The answer must consist of every line from the data that holds "Comparison".

> Dataset records:
───

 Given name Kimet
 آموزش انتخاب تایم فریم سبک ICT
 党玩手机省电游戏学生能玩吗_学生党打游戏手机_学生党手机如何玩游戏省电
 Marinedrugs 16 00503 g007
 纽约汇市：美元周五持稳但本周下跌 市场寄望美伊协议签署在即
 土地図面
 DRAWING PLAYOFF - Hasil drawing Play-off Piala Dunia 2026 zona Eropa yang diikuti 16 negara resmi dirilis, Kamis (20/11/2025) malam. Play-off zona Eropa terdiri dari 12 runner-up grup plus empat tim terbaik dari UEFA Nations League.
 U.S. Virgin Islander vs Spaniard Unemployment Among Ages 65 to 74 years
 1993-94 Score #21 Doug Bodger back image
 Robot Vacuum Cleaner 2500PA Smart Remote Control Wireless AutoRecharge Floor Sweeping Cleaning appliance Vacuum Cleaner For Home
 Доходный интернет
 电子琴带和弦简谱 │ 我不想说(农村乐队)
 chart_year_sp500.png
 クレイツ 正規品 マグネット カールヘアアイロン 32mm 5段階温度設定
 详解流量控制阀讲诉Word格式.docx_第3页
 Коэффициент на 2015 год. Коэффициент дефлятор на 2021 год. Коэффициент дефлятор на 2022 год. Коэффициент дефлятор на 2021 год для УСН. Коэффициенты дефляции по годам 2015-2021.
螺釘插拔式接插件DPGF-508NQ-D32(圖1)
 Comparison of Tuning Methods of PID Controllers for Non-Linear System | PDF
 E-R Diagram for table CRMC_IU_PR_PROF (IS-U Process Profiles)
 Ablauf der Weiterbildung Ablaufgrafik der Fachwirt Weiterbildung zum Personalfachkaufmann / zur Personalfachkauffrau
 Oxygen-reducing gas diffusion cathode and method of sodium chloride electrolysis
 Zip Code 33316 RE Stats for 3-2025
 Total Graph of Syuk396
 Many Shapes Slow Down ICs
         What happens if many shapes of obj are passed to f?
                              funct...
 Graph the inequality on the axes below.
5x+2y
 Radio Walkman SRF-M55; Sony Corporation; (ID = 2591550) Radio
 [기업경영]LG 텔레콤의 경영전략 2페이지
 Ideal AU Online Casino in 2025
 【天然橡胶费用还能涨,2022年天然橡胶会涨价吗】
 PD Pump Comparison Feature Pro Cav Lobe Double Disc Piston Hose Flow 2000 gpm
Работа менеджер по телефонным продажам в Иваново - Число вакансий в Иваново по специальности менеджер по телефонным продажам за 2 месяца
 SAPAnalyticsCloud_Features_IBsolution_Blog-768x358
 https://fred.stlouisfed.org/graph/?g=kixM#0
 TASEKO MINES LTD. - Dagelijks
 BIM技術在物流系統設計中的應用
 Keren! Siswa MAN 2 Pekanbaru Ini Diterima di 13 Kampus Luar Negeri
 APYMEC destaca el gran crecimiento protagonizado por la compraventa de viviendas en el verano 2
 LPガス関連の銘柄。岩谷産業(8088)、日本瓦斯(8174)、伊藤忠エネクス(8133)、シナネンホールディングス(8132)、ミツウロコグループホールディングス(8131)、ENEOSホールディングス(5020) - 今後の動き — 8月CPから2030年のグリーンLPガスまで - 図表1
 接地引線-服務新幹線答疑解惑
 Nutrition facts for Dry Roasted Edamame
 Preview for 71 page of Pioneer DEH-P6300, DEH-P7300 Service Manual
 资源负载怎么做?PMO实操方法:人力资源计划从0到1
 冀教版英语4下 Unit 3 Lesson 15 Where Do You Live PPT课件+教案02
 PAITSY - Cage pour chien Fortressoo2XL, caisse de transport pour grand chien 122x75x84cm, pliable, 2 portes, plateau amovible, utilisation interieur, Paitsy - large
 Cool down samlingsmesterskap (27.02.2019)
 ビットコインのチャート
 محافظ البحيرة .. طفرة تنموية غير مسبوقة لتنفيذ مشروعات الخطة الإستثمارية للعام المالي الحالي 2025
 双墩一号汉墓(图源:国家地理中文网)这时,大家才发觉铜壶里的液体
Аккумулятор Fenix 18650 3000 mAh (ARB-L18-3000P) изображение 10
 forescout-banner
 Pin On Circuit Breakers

───

> Reply to the exercise:
 Comparison of Tuning Methods of PID Controllers for Non-Linear System | PDF
 PD Pump Comparison Feature Pro Cav Lobe Double Disc Piston Hose Flow 2000 gpm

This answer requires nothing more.